隣のクラスで叔父が美術家の一見変わり者であり、無口で背が高くメガネをしている。
その独特のオーラのせいなのか女子からの評価も高いらしい。
しかし惜しい事に私には、ただの変人にしか見えない。
そんな事を考えているうちにまた、夢の中に入っていた。

次の日、昨日まであった高熱も雨も嘘の様になくなり晴れてはきはきしていた。
支度を済ませ学校へ向かう。また春の匂いがし、足取りも軽かった。

学校もあと一週間で春休みに入る。4月からは中学で最高学年の3年生だ。
入学した時に憧れだった先輩の様にはなれているのだろうか。1年生の私達から見えた3年生はとても大きくもっと大人っぽかった気がする。
しかし入学当時大きかった制服が今ではこんなに小さいのだからちゃんと成長しているのだろう。
母や担任の先生は私達に対し、やたらともう中学3年生なんだから。受験生なんだから。という言葉を使ってくる。
そんな言葉を発せられても受験なんか体験した事のない公立中学生達にはただプレッシャーにしかならなかった。
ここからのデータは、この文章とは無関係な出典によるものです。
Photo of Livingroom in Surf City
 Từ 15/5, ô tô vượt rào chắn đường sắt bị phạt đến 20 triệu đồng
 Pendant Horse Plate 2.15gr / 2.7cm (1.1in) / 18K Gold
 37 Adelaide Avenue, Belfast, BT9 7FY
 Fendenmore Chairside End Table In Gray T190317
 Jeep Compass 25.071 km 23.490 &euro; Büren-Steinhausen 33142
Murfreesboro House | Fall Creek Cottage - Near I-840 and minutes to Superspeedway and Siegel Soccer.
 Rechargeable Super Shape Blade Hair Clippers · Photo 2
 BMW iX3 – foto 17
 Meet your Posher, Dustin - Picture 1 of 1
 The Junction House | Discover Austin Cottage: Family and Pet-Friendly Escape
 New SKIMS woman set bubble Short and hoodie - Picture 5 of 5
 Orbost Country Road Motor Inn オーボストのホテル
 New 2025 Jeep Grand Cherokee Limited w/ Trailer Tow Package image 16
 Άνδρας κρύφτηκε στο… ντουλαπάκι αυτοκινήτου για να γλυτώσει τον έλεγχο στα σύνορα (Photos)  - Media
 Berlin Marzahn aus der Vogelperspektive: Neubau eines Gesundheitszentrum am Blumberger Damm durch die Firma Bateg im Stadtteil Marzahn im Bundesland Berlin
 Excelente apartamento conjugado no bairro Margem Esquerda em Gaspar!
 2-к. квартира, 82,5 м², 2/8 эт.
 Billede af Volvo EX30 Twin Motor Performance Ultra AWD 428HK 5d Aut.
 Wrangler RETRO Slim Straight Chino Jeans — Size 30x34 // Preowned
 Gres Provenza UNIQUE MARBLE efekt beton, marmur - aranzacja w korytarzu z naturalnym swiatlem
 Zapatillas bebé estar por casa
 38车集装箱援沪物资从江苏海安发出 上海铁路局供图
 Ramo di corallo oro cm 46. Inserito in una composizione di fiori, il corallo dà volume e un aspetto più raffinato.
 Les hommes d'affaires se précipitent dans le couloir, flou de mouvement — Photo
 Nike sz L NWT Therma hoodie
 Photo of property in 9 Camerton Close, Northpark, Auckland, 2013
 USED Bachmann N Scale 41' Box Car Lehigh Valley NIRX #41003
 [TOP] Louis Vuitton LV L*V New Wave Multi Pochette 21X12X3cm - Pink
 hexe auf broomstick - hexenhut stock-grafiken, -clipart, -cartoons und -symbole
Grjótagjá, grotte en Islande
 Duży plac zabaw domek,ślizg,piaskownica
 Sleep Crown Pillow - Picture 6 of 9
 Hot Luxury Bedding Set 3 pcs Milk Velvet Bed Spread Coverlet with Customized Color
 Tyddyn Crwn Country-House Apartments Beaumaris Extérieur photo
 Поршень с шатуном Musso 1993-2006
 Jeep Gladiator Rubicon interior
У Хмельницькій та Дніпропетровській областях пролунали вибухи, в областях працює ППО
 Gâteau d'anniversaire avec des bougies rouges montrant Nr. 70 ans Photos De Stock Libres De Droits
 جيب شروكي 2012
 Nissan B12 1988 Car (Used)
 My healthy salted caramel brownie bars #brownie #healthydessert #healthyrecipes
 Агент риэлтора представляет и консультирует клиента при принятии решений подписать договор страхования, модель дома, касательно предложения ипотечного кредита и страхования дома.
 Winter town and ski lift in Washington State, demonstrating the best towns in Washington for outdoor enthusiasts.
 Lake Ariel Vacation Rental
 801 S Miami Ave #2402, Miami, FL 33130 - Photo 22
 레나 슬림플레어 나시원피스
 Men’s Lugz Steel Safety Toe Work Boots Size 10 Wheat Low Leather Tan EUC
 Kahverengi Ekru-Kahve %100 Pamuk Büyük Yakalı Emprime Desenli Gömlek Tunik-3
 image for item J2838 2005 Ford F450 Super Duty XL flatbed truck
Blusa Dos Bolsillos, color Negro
学校につくとすぐさま奈々代が駆け寄って来てオーバー過ぎる話し方で昨日はどうしたのか聞いてきた。
終いには本当に遥貴とデートしていたのか問い詰められる始末だった。
私がただの風邪だと告げると少しがっかりした様だったが心配してくれた上に有り難く説教までしてくれた。
暖かな日差しに照らされながら1日はあっと言う間に過ぎて行った。

お昼休み、クラスの子と数人で卒業する先輩の為に紙を折り花のブローチを作っていた。
「すみません、河田真理子さんいますか?」
不意に名前を呼ばれたので驚いて顔を上げた。
そこに立っていたのは背の高いメガネの男の子だった。